La mode doit beaucoup au Hip-Hop, en particulier pour les sneakers. C’est grâce à RUN DMC et à leurs Adidas Superstar, que vous portez des baskets en dehors des terrains de sport. Et savez-vous pourquoi…?

 

Nous avions vu il y a quelques temps, que la chaussure de sport avait commencée avec la Converse All Star Chuck Taylor. La toute première vraie basket. Comme cette dernière, la Adidas Superstars commence aux pieds des grands basketteurs. Mais comment est-elle arrivée là? Commençons par le début.

 

La Stan Smith, grande soeur de la Superstar

En 1959, Adidas en plein développement, décide de racheter une usine en France. Et c’est le fils du fondateur de la marque, Horst Dassler, 23 ans,  qui était chargé de développer le marché des chaussures de football en Allemagne. Il fit plus que fructifier Adidas France. En 1968, on comptait jusqu’à 8 usines sur le territoire français. Le fils avait élargit son rayon d’action. Alors que son père voulait continuer dans le milieu du foot et de l’athlétisme, Horst lui, visait autre chose : le tennis. Il élabora, avec Roger Haillet (tennisman français), un nouveau concept de basket : une semelle en caoutchouc avec des motifs moulés pour l’adhérence et une tige entièrement en cuir, avec perforations pour l’aération. Un véritable succès. La marque signa par la suite un contrat avec un certain Stanley Smith, se qui donna définitivement le nom à la chaussure : Stan Smith.

Stanley Smith

Adidas Stan Smith  Adidas Stan Smith logo
Mais alors quel rapport avec la Superstar vous me direz? Et bien en 1968, une réforme Européenne portant sur les frais de douanes pour l’exportation, permit à la marque de développer le modèle de la Stan Smith aux Etats-Unis. Et l’accueil fut énorme. Dans le foulée, la marque aux trois bandes développa deux modèles pour le basketball,  largement inspirés de la basket Made In France : la Supergrip, un modèle bas et la Pro Model, une version montante.

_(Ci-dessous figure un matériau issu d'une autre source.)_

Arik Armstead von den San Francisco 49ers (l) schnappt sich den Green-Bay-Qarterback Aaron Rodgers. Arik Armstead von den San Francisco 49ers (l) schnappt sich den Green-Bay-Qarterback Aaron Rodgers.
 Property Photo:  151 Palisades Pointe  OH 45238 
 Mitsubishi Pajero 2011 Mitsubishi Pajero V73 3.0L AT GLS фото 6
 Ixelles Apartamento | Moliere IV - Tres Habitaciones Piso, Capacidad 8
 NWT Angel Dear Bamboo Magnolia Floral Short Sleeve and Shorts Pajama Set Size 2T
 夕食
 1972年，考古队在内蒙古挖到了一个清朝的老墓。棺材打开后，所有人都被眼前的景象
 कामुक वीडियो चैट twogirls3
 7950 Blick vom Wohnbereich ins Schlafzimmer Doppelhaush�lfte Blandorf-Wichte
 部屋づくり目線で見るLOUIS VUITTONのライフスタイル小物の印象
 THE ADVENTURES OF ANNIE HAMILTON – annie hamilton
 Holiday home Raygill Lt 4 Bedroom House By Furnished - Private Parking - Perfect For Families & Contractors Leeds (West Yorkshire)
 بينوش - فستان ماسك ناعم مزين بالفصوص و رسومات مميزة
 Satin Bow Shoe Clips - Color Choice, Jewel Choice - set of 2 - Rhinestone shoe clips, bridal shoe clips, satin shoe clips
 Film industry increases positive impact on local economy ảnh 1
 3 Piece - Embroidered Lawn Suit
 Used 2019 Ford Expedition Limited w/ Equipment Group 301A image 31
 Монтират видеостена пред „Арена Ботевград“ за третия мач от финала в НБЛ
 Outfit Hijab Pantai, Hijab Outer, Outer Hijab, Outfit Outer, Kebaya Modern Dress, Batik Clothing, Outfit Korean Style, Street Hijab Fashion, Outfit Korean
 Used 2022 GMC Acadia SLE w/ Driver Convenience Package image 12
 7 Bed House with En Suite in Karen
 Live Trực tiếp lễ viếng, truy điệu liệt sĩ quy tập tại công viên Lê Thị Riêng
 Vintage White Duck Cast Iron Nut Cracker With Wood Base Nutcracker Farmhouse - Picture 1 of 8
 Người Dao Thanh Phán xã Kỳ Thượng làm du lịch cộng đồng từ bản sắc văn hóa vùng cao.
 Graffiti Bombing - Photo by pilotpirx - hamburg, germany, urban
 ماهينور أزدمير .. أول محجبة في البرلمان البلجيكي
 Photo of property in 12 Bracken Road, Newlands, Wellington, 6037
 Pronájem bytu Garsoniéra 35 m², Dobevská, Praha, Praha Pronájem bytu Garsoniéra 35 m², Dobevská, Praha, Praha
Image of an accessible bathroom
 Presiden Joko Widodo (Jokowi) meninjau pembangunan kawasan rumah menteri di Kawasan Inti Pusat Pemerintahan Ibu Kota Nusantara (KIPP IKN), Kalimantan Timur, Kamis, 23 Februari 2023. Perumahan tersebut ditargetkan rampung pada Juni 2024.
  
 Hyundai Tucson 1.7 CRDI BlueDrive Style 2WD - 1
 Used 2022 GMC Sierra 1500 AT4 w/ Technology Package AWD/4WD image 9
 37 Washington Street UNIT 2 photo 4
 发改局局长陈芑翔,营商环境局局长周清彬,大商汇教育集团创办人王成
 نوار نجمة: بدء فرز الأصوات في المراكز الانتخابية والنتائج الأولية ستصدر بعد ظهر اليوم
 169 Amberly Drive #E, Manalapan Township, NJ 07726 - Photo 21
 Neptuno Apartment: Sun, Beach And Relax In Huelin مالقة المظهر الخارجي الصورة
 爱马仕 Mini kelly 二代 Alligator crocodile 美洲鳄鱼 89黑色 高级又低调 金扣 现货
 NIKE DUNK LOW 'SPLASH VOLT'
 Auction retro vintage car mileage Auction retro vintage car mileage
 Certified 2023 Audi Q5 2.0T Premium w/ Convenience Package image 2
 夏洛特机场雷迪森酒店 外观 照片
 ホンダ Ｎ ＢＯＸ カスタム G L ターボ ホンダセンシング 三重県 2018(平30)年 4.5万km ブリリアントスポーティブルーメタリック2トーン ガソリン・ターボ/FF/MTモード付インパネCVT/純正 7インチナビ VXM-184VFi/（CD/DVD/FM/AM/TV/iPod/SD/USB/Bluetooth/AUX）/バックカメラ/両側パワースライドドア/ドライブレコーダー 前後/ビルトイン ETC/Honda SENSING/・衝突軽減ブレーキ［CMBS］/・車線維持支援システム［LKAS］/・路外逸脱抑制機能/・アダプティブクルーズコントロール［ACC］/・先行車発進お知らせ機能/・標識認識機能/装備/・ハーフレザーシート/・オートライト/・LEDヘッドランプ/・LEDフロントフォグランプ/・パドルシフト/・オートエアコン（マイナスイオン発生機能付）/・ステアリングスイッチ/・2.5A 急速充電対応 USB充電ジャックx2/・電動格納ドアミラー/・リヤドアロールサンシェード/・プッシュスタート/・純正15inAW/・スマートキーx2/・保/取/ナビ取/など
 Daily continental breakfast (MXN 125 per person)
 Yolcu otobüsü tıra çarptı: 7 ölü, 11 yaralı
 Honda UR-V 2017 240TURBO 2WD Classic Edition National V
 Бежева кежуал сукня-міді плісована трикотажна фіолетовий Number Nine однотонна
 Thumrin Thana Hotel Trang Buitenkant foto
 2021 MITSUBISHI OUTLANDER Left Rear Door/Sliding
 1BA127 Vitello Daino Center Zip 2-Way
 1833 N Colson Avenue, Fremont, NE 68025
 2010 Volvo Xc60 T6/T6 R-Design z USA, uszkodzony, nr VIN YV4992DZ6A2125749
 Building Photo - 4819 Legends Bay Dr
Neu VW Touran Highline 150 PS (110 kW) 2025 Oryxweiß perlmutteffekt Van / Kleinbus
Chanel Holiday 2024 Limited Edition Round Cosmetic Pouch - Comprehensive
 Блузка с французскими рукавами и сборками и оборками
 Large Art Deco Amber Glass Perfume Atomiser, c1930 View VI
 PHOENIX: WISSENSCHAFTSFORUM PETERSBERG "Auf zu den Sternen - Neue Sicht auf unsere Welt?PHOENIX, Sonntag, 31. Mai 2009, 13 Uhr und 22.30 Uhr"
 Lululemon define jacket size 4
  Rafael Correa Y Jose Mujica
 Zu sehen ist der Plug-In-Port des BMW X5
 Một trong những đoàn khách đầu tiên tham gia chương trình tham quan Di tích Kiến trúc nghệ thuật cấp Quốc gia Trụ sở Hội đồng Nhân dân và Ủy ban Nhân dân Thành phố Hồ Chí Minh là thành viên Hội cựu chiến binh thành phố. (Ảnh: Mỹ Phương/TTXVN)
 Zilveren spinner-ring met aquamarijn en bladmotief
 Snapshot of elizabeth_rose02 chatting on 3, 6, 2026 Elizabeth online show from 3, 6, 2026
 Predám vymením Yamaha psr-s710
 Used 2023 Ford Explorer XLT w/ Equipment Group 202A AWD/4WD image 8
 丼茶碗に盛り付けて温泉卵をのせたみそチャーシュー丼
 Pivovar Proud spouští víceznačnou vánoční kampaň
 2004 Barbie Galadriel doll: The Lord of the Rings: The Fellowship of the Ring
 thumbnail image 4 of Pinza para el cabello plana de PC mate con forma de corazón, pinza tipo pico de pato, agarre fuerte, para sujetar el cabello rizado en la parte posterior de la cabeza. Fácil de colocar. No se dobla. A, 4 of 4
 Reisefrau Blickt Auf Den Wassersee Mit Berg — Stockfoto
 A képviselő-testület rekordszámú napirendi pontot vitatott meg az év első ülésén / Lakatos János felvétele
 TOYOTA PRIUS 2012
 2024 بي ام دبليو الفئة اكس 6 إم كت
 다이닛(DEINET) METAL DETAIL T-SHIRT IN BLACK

adidas pro model  adidas supergrip
adidas pro model et supegrip adidas supergrip
Au début, seul les San Diego Rockets portaient cette nouvelle paire. Les autres équipes étaient un peu septiques. Mais lors des Jeux Olympiques de 1968, Adidas réussit à faire porter son nouveau modèle à toute l’équipe Américaine. Résultat, la saison suivante, la plupart des joueurs NBA portaient cette nouvelle paire révolutionnaire. Elle était toute en cuir, à la différence des Converse All Star. Plus stable, plus résistante mais aussi plus lourde. Cette saison là, les Boston Celtics remportèrent le championnat Adidas aux pieds, la « Supertar » étaient nées.

Jabbar Adidas Pro Model

A peine sortie, la chaussure se vue revisitée avec un embout dur au niveau des orteils. Ce renfort était surtout fait pour renforcer la chaussures, car les tennismen abîmaient le bout lors des services. Mais aussi pour copier sa concurrente au niveau du basket, la Converse All Star. Pour se différencier, un effet couture fut apporté. Le modèle se développa à tel point que dans les années 1970, on estimait à 85% les joueurs portant la Adidas Supertar.

 

Culture Hip-Hop et sneakers, les débuts d’un amour fou

Dans les années 1970, le mouvement Hip-Hop vu le jour dans le South Bronx à New-York. Ce mouvement associe plusieurs disciplines et acteurs : les Djs, avec DJ Kool Herc appelé aussi le « père fondateur du hip-hop », le scratching, avec le Grand Wizard Theodore, le Rap ou MCing, le graffiti, le break dancing ou b-boying, le beatboxing… bref une culture street originaire des ghettos noirs et latinos de New-York. (Pour en savoir plus, vous pouvez aller jeter un oeil à la série The Get Down). En 1980, un groupe sort du lot, des précurseurs du rap hardcore de par sa fusion entre notamment rap et rock : RUN DMC.

RUN DMC RUN DMC
Le groupe a un style particulier : veste en cuir noir, chapeau vissé sur la tête, grosse chaîne en or, et Superstar aux pieds sans lacets, pour faire rappeler le milieu pénitentiaire où on enlevait les lacets des chaussures avant de rentrer dans les cellules. Les trois rappeurs parcourent les Etats-Unis, enchaînent les concerts et les succès, toujours avec leurs Adidas aux pieds pour montrer leur décalage avec la société. En 1985 Jerrald Deas, sort un son appelé “Felon Sneakers” où il s’oppose aux sneakers. La réponse ne se fit pas attendre. Run DMC chante « My Adidas », lors de la sortie de leur nouvel album « Raising Hell ». La chanson rend un grand hommage à la Superstar et tente de mettre fin aux stéréotypes du b-boy.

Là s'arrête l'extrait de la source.